Task directions: Below are records with pictures. Transcribe exactly, and only, the lines from the line with "Halloween-Zombie-Gorilla - Tasse" to the line with "Authentic SSJ 3 Goku Figure", both ends included, but not the pictures.

***** Data in this exercise

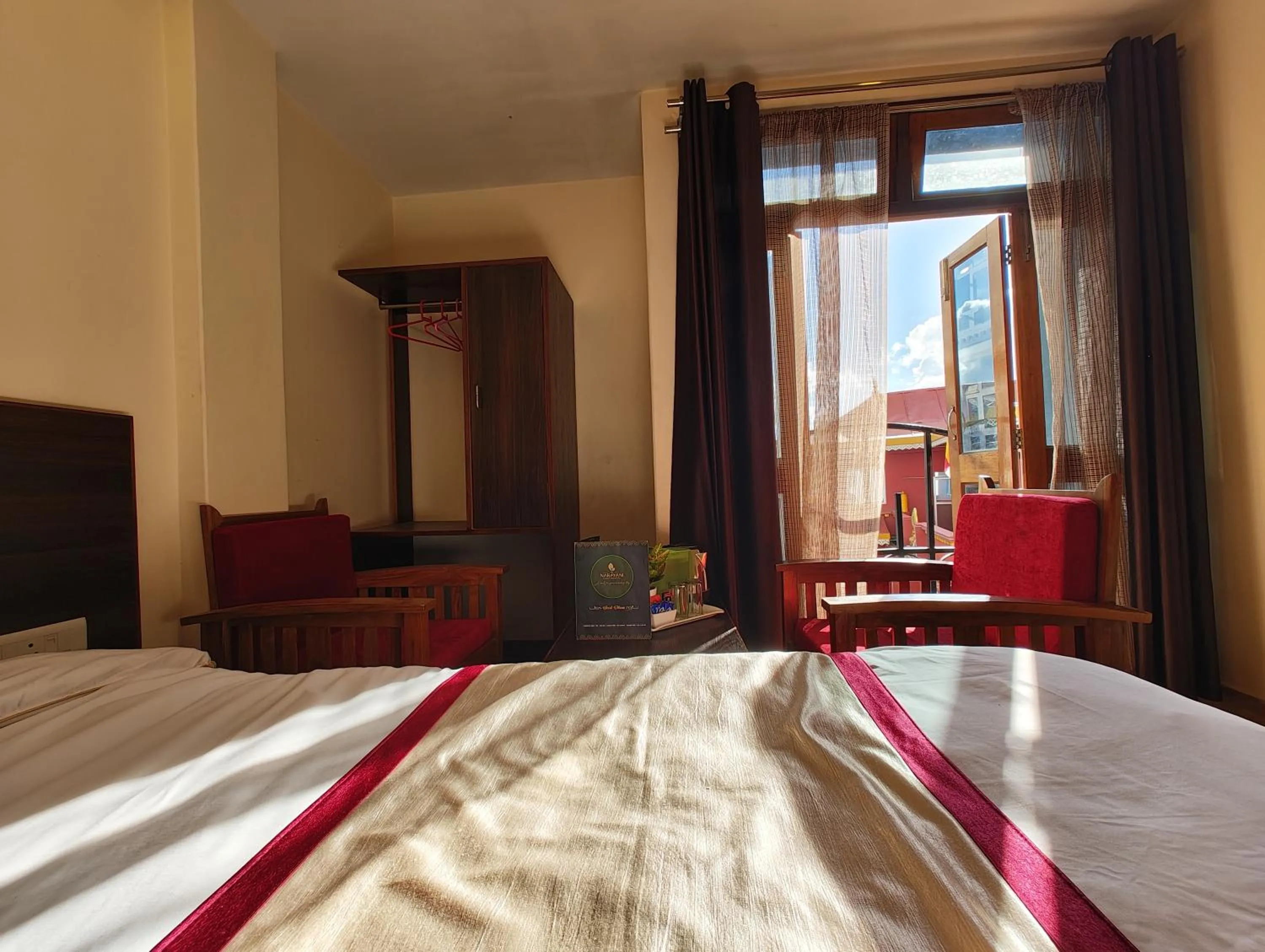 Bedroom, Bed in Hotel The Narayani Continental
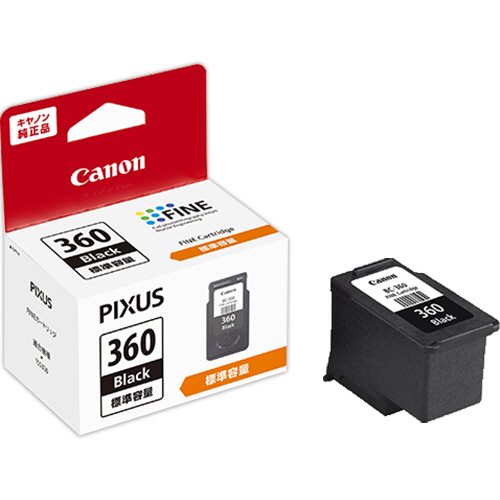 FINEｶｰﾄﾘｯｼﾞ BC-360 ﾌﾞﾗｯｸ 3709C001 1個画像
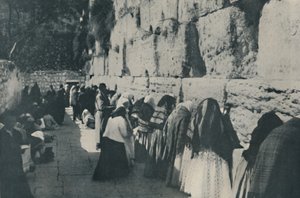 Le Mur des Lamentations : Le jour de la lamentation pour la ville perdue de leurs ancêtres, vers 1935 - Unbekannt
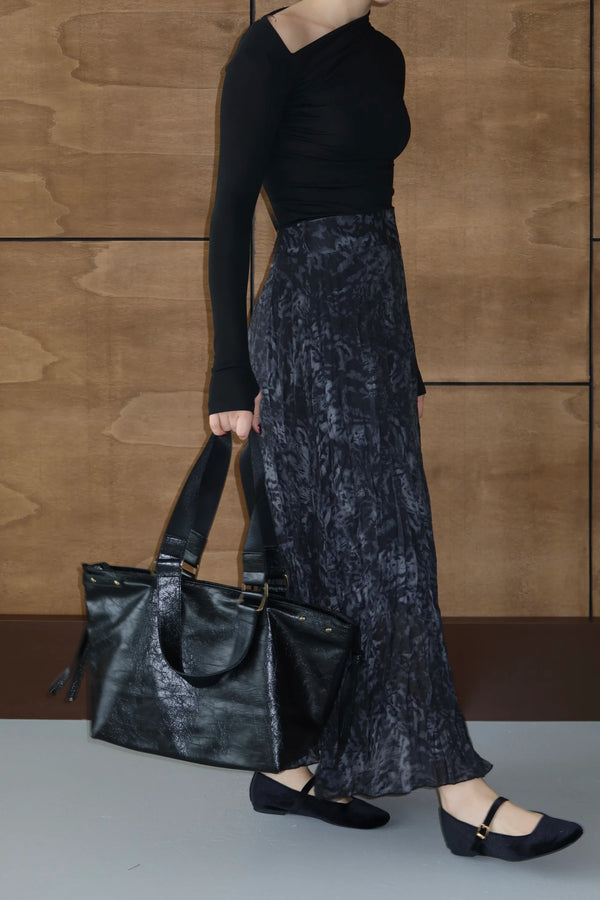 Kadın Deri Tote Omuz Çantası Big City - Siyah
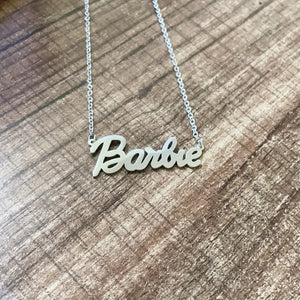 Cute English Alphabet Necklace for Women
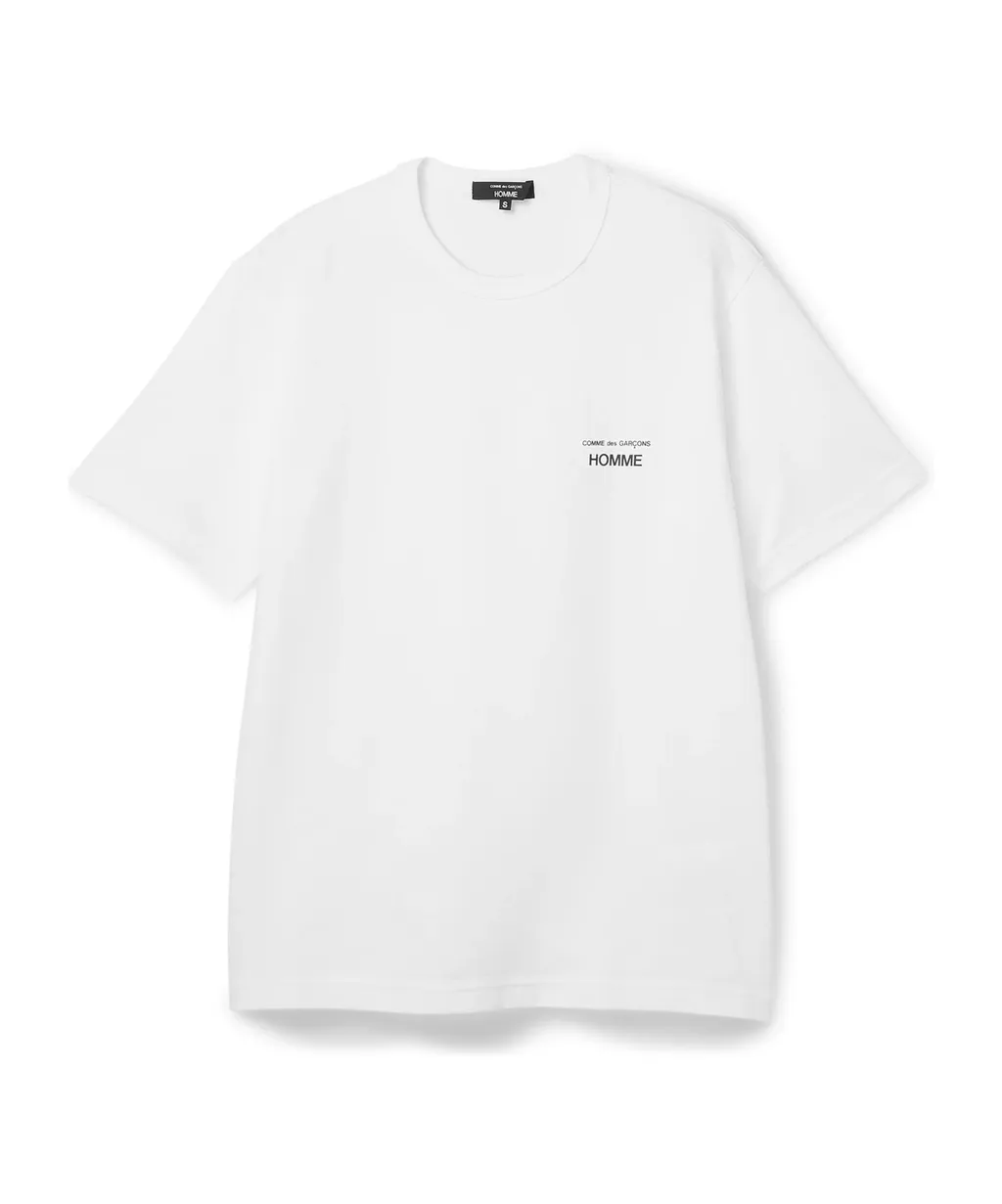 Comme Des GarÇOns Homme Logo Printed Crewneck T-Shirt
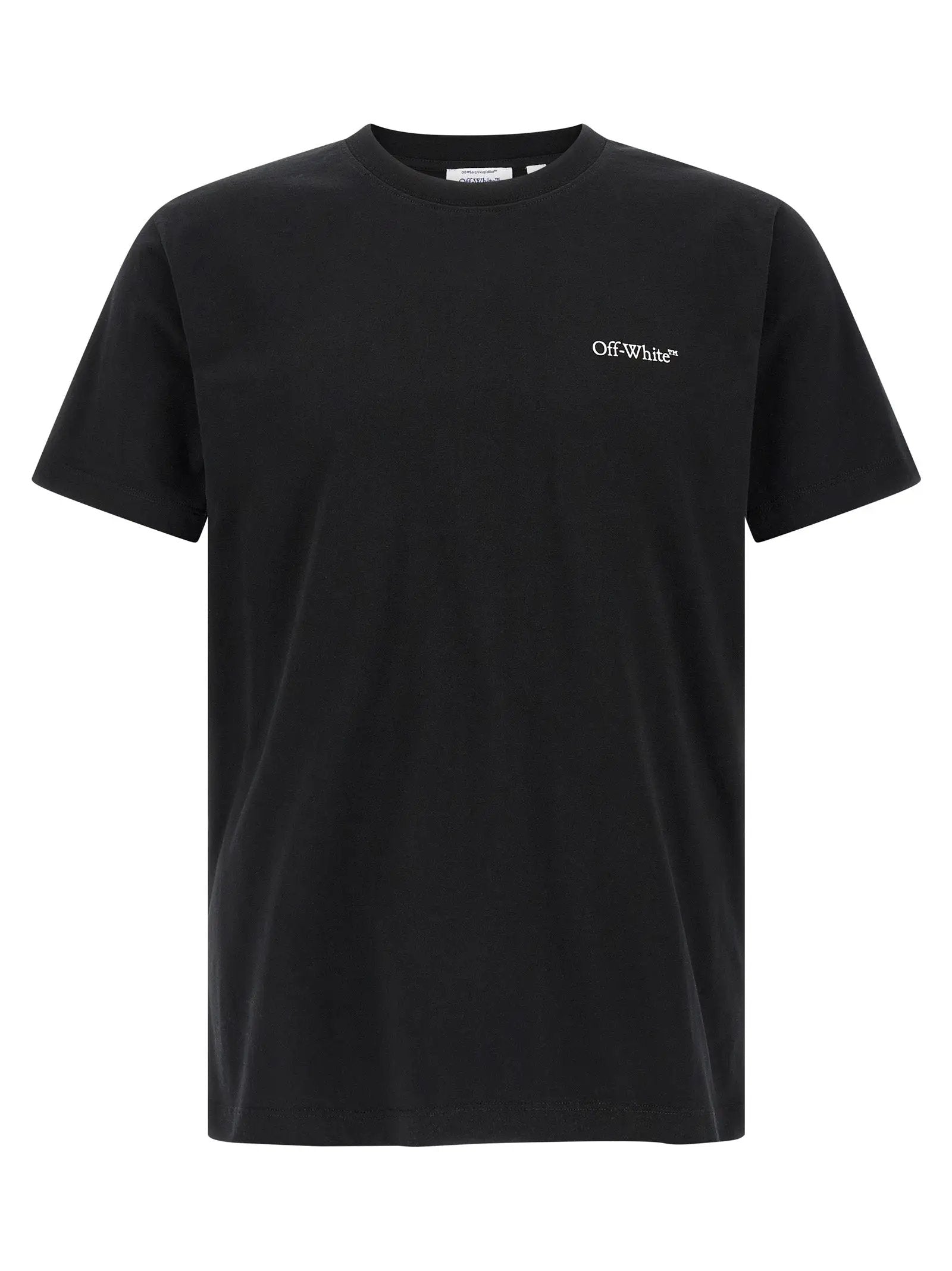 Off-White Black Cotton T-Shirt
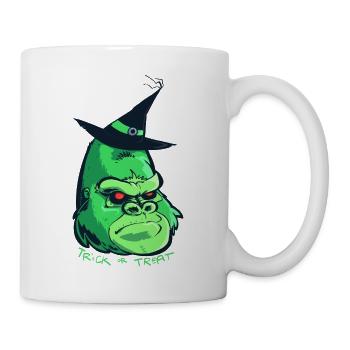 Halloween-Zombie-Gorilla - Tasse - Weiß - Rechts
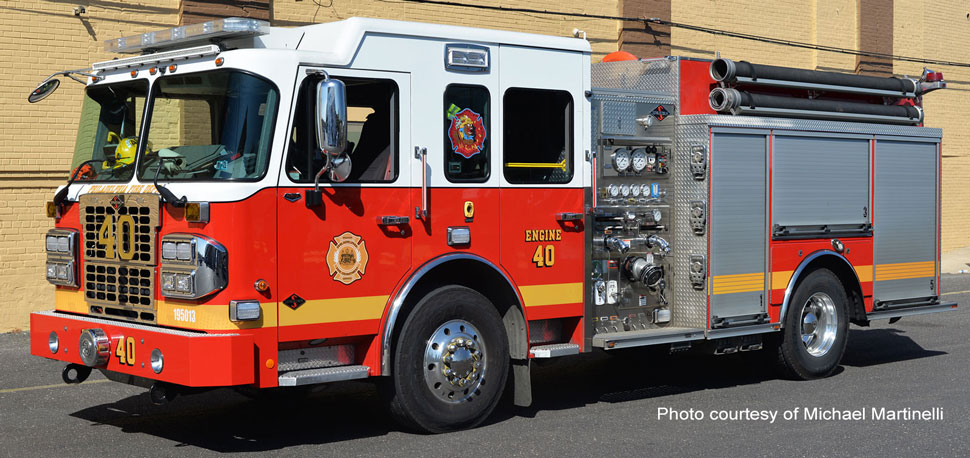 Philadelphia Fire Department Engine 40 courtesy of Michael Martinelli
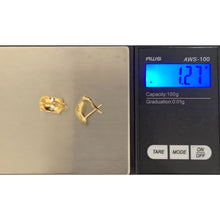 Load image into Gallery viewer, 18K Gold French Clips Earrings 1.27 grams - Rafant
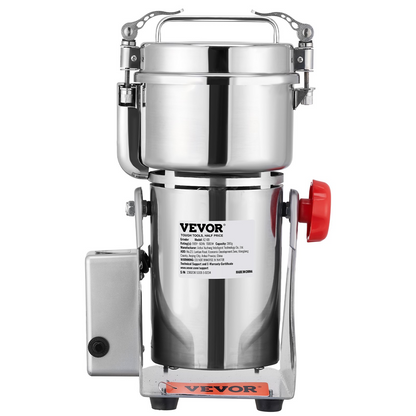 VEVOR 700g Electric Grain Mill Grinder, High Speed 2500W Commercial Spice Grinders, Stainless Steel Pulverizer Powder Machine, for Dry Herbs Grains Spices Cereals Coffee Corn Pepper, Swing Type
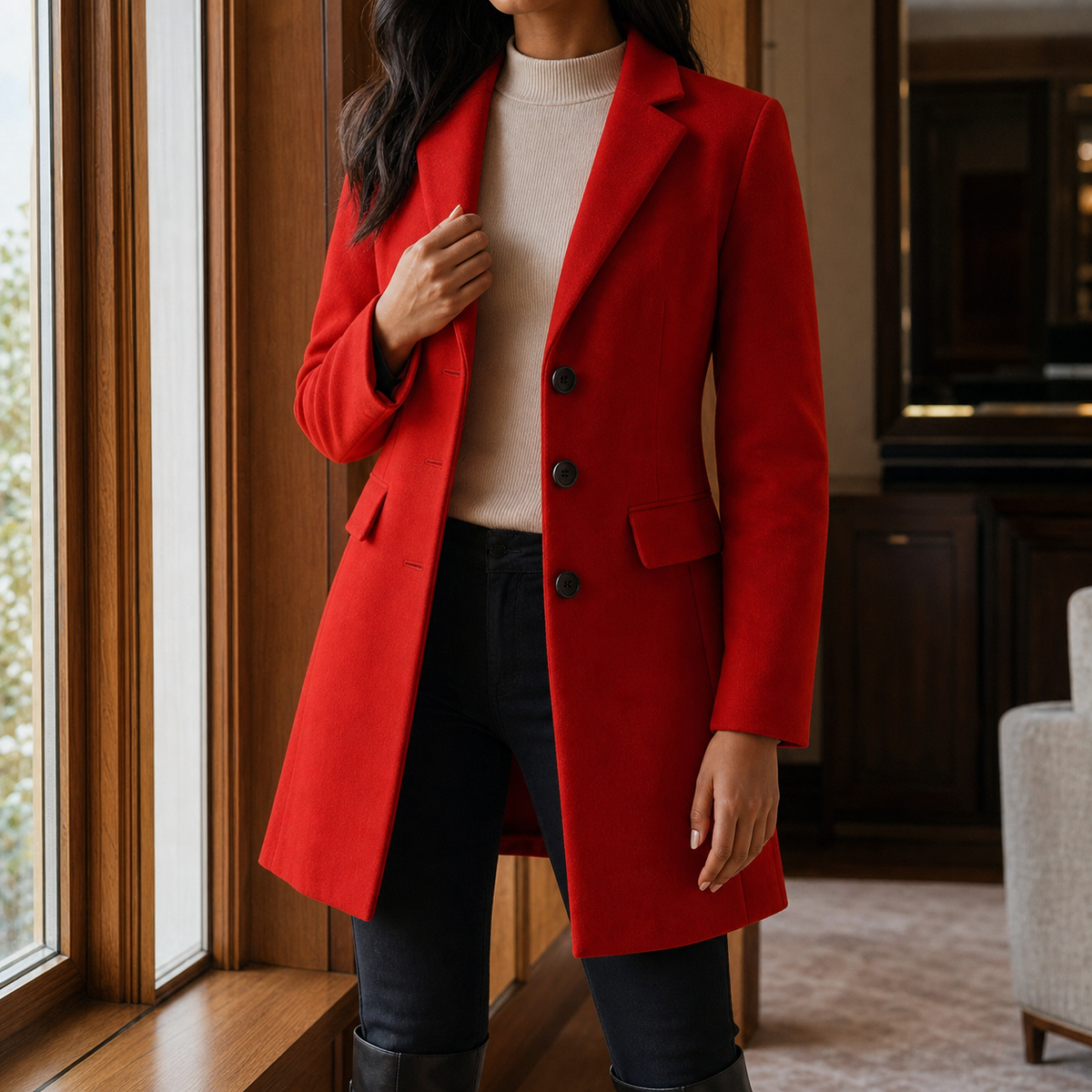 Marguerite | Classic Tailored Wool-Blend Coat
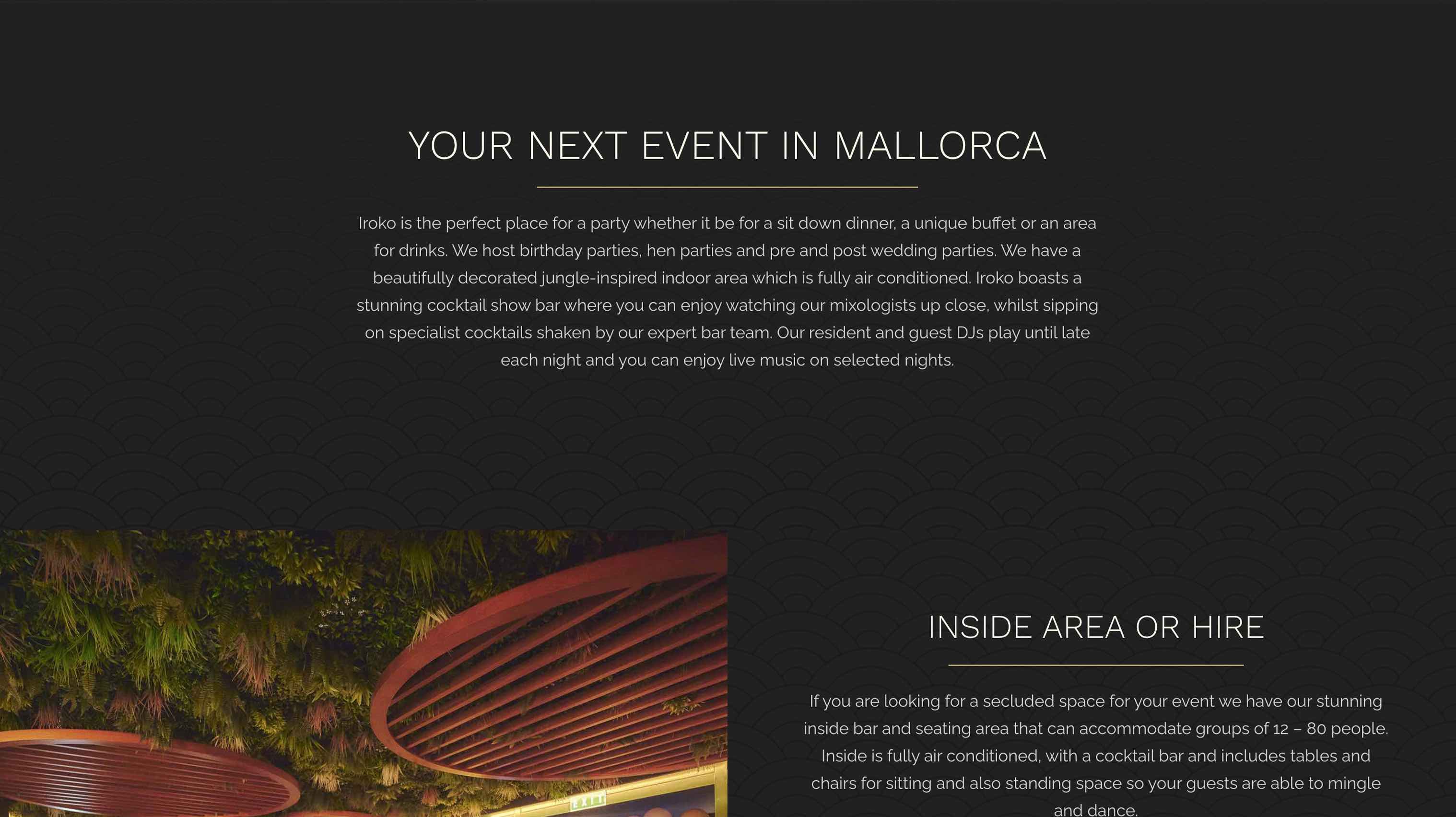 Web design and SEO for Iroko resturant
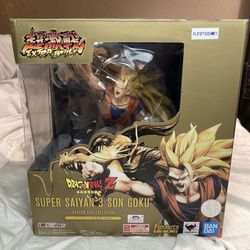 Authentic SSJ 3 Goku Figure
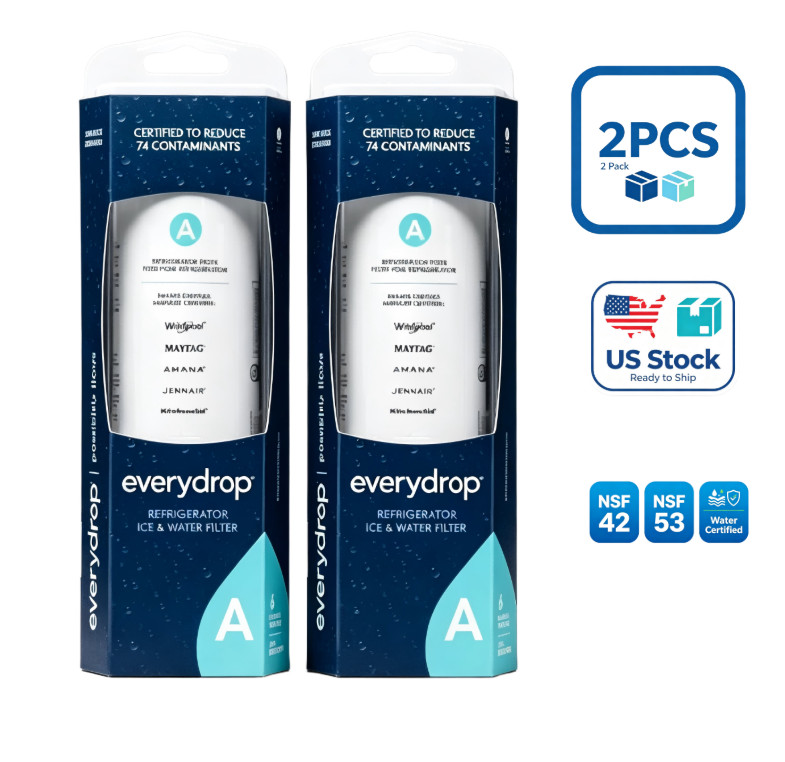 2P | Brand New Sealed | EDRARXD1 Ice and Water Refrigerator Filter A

**********

Task output:
 Halloween-Zombie-Gorilla - Tasse - Weiß - Rechts
 Philadelphia Fire Department Engine 40 courtesy of Michael Martinelli
 Load image into Gallery viewer, 18K Gold French Clips Earrings 1.27 grams - Rafant
 VEVOR 700g Electric Grain Mill Grinder, High Speed 2500W Commercial Spice Grinders, Stainless Steel Pulverizer Powder Machine, for Dry Herbs Grains Spices Cereals Coffee Corn Pepper, Swing Type
 Marguerite | Classic Tailored Wool-Blend Coat
 Web design and SEO for Iroko resturant
 Authentic SSJ 3 Goku Figure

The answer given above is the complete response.